3) Autofocus Performance and Accuracy
The Fujinon XF 16-55mm f/2.8 comes with a Twin Linear Motor, which provides fast and quiet autofocus capabilities. When mounted on the Fuji X-T1, the lens snaps into focus instantly and you can barely hear the focus motor, which is nice. No more lens aperture “chatter”, but if you switch to continuous focus, the lens might still “scan” the scene and try to focus back and forth. But that’s not the fault of the lens – it is the limitation of the camera’s autofocus system.
Focus accuracy is overall quite excellent, whether shooting in bright or low-light conditions. I have primarily used this lens to photograph landscapes and had a chance to use it in both good light and in challenging low-light situations before sunrise and after sunset. Although I have not experimented with night photography a lot, given how sharp this lens is wide open, I expect it to perform admirably for both night and astrophotography as well, although faster lenses like the new XF 16mm f/1.4 would be more suitable for those particular needs.
When testing the lens in my lab, I tried focusing on charts using both autofocus and manual focus and I found the former to provide excellent results.

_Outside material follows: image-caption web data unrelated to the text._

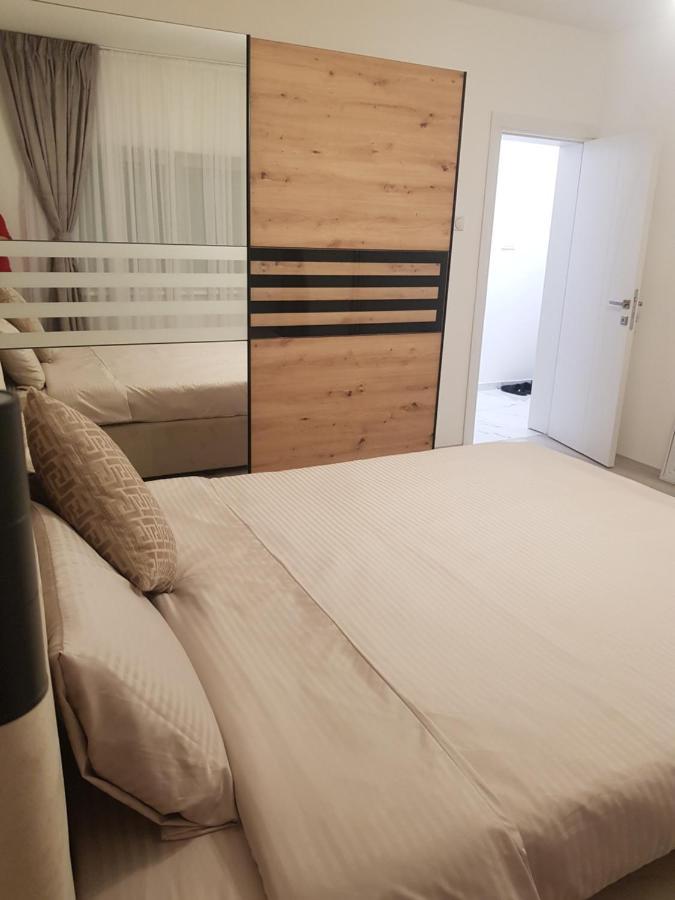 City Diamond Apartment Skopje Extérieur photo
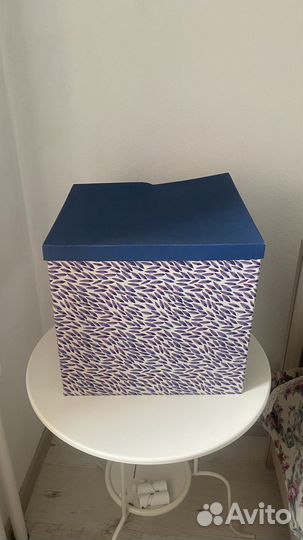 Коробка IKEA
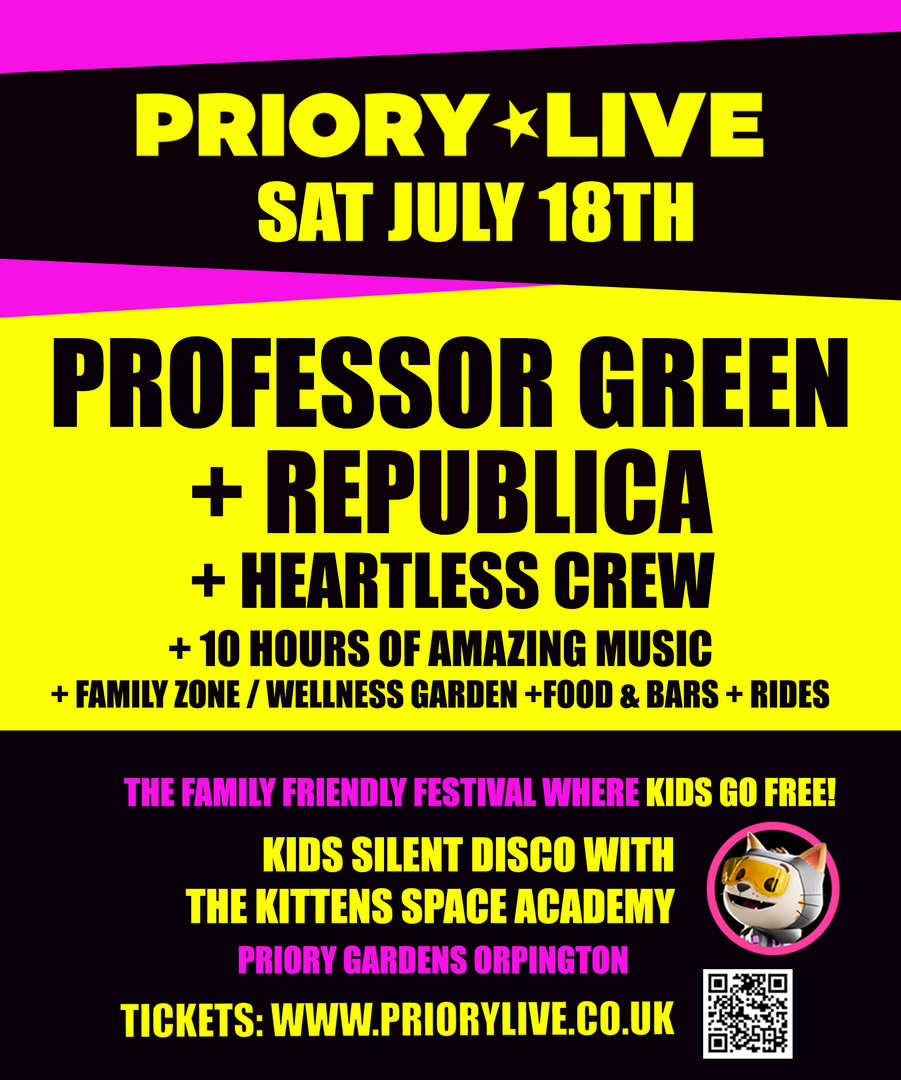 Priory Live Festival - Priory Live Festival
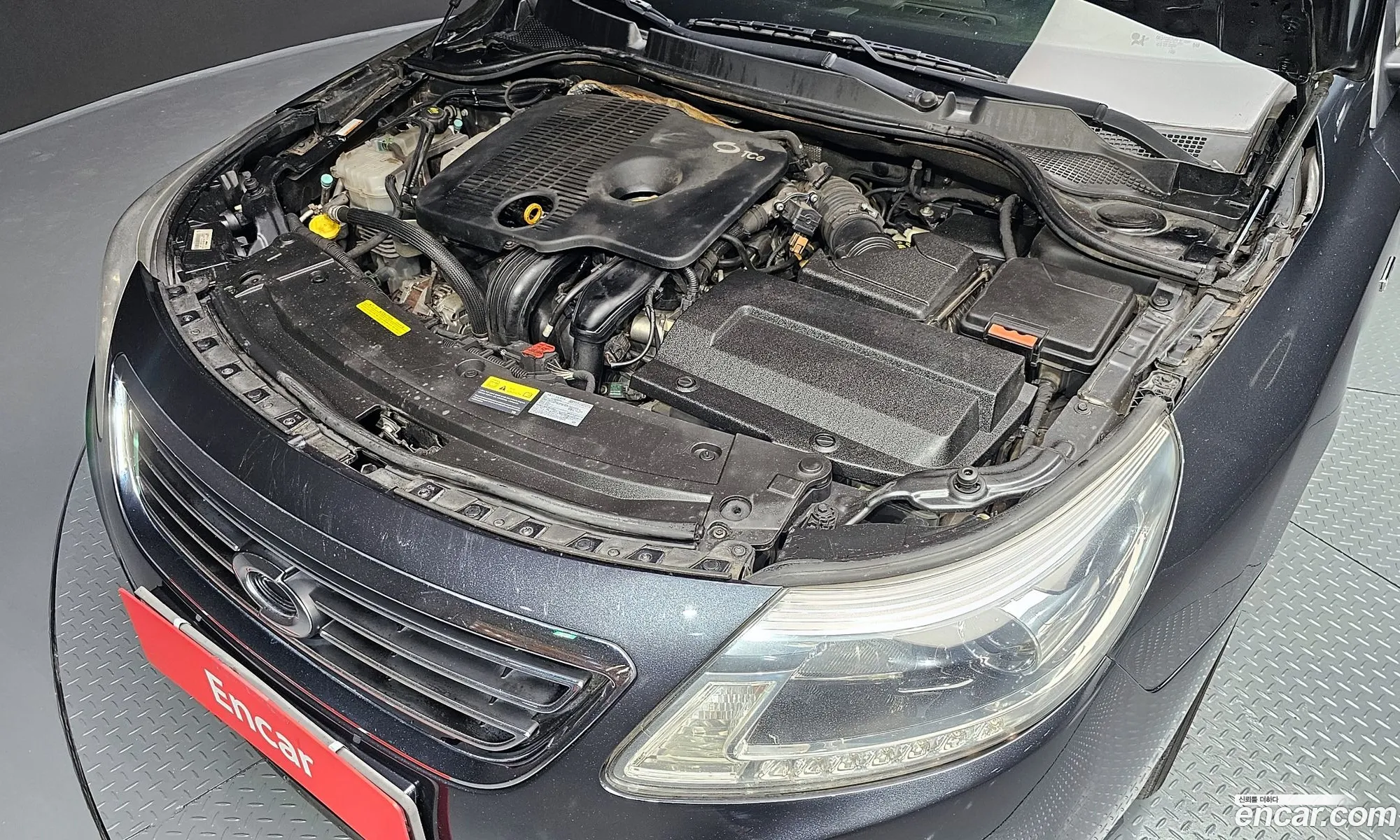 Renault Samsung Sm5 16Tce 2014 - фотография 15845927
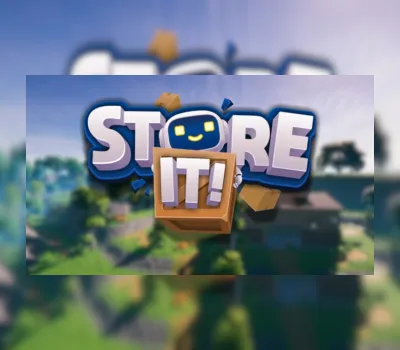 Store It! PC Steam CD Key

In fact, compared to AF, it was a bit difficult to focus manually with ultra high precision – partly because Fuji does not provide high enough of magnification when zooming in and partly because it is difficult to maintain focus at its exact position after the camera goes on standby or is turned off. I wish Fuji worked a bit more on proper implementation of manual focusing, as I personally find it to be a bit weaker when compared to its competition. I also wish Fuji allowed to move the zoomed in area with the navigation buttons, so that one could check focus throughout the image without having to move the focus point first. Hopefully such features will make their way into the future generation Fuji cameras.